If you’re not interested in getting your people to work, and you can’t articulate why you have a problem with the plan, I can only assume you want something that isn’t really about the community and is more about your own selfish motives. You have several organizations opposed to this plan that claim to be doing good in the community but when you peel back the layers, that claim is very thin. Unfortunately, in many of our communities you see this all too often. Having worked with several nonprofits and community based organizations, they’re not all built the same nor are their motives always true. I think that’s what you have here in the case of the Raiders Community Benefits plan.
This meeting, in particular, got personal for some. Several of these community representatives took shots at specific board members. It seemed a bit staged and agenda-driven. Yet, again, no solutions are offered. Just complaints and delay tactics. It’s unproductive and is delaying the inevitable as it relates to the plan. In fact, these groups are now doing more harm and moving their own cause backwards.
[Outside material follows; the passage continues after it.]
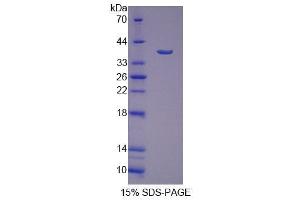 SDS-PAGE analysis of Human SSRa Protein. (SSR1 Protéine)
One group that has been vocal about its disappointment with some of the plan is the Urban Chamber of Commerce. The Chamber’s President, Ken Evans, sits on the board as a non-voting member. Through lines of questioning and statements made by Mr. Evans and others from the Chamber, their assertion is the Raiders are not working closely enough with the community to hammer out a plan with their involvement. This is the crux of their issue – alleging the Raiders are not involving them enough in the plan.
It’s an assertion that rings hollow when you look at the facts. It also makes little sense that the Urban Chamber would complain and, Mr. Evans assert, the Raiders aren’t doing enough yet honor the team and organization at an event this month. The Raiders are also a sponsor of the Chamber’s worthwhile Green Tie Awards (see picture). Do you honor a “community partner” who you say isn’t doing enough for your community? Something doesn’t add up.
Other Chambers – including the Latin Chamber of Commerce – have praised the Raiders organization thus far in the Las Vegas community going as far to say the team is going far beyond what it said it would do. Seeing the Raiders $50,000 donation after the 1 October shooting certainly points to that being true.
Still, other folks also aren’t happy with the Raiders not investing in their community. At this meeting, a very committed and genuine group of women spoke about the lack of redevelopment and investment in the traditionally black historic West Las Vegas. They spoke with passion, conviction, and purpose. I respect them for that but what does it have to do with the Raiders and the stadium? It’s not making a lot of sense.
For the project to move forward, and for the Raiders to start building this important project for all of Southern Nevada, people need to get to work. The continued badgering over the Community Benefits plan has gone on long enough. It’s a good plan that weaves in diversity and a commitment to local business and labor. It’s time to close the book on it and let the Raiders put it into action.